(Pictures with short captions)
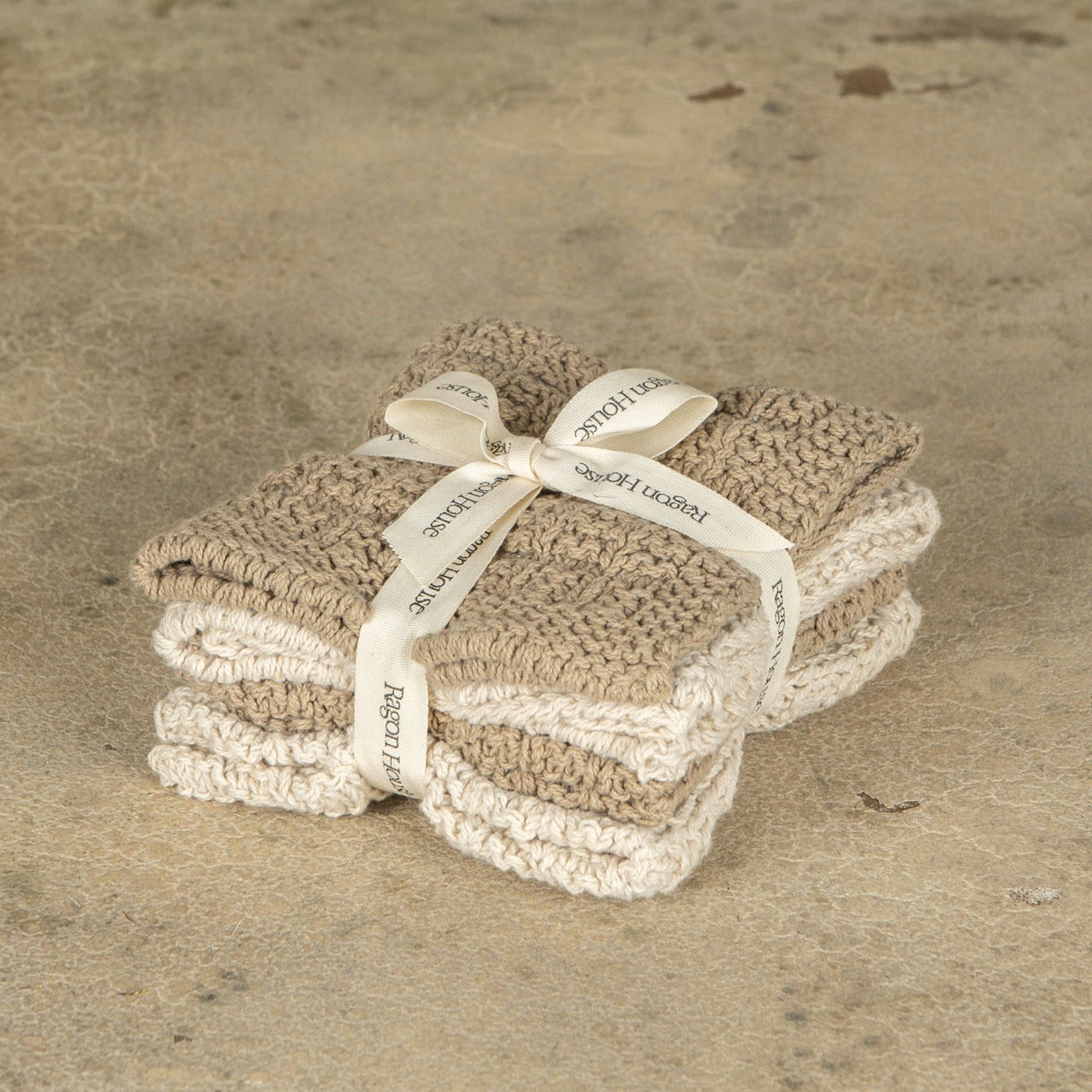 TAN AND CREAM CHECKERBOARD KITCHEN ESSENTIALS SET - Image 4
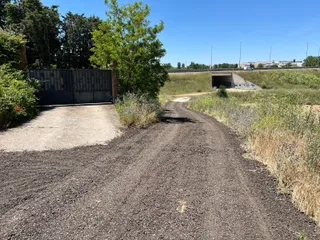 El Ayuntamiento de Carbajosa de la Sagrada acondiciona los 400 metros de la prolongación del camino de Carpihuelo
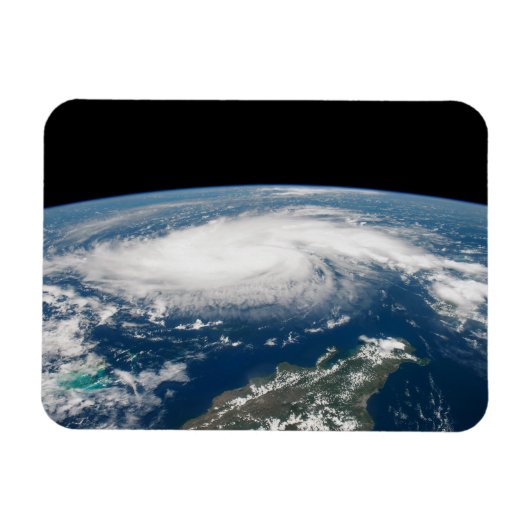 Hurrikan Dorian über dem Atlantischen Ozean. Magnet (Horizontal)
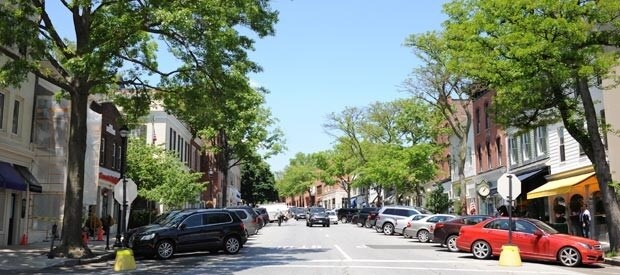 Greenwich Ave - 44 Greenwich Ave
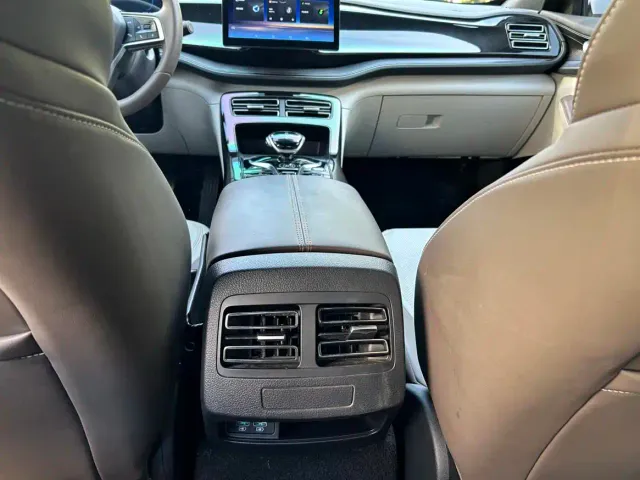 BYD Qin PLUS — Фото автомобиля 10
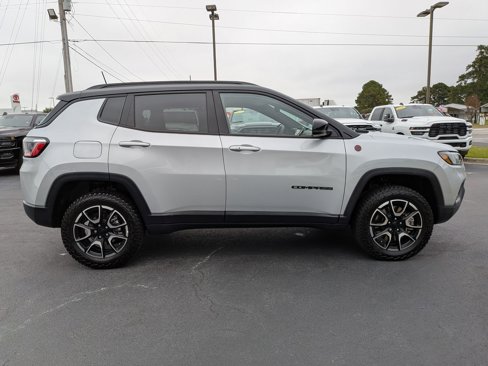 Used 2024 Jeep Compass Trailhawk image 4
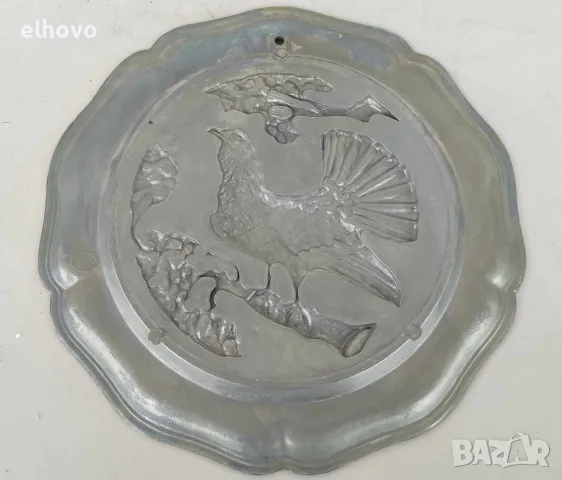 Калаена релефна чиния, снимка 2 - Антикварни и старинни предмети - 49629251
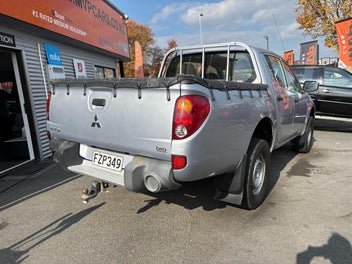 Mitsubishi Triton 2011 photo 5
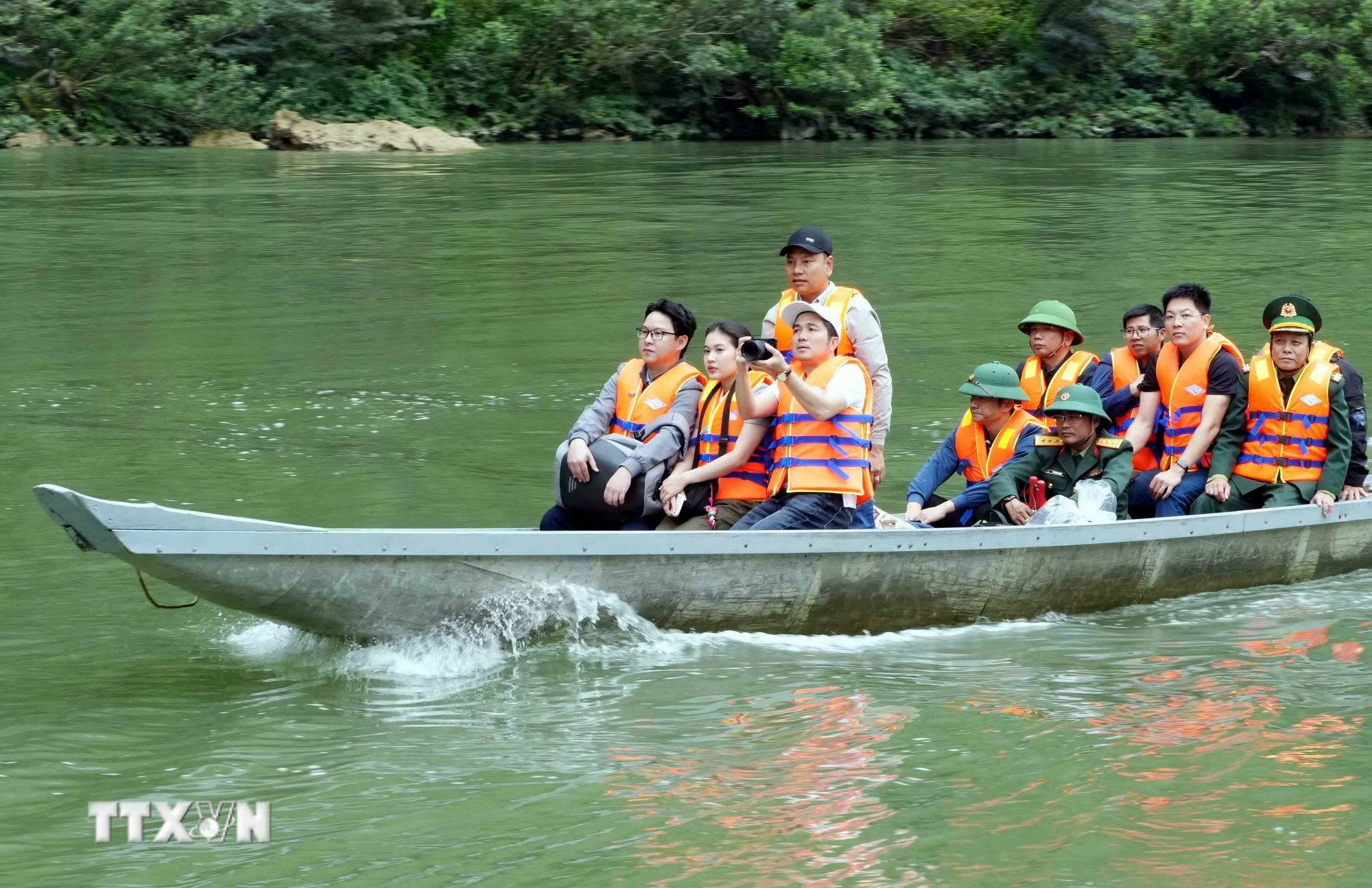 ttxvn-0803-bau-cu-som-xa-bien-gioi-truong-son-quang-tri-9.jpg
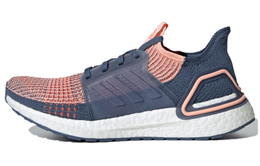 Adidas: Кроссовки  UltraBoost 19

# WHAT IS REQUIRED:
Print each of the records above exactly as written, leaving no picture in the copy.

# EXERCISE RESULT:
 TAN AND CREAM CHECKERBOARD KITCHEN ESSENTIALS SET - Image 4
 El Ayuntamiento de Carbajosa de la Sagrada acondiciona los 400 metros de la prolongación del camino de Carpihuelo
 Hurrikan Dorian über dem Atlantischen Ozean. Magnet (Horizontal)
 Greenwich Ave - 44 Greenwich Ave
 BYD Qin PLUS — Фото автомобиля 10
 Used 2024 Jeep Compass Trailhawk image 4
 Калаена релефна чиния, снимка 2 - Антикварни и старинни предмети - 49629251
 Mitsubishi Triton 2011 photo 5
 ttxvn-0803-bau-cu-som-xa-bien-gioi-truong-son-quang-tri-9.jpg
 Adidas: Кроссовки  UltraBoost 19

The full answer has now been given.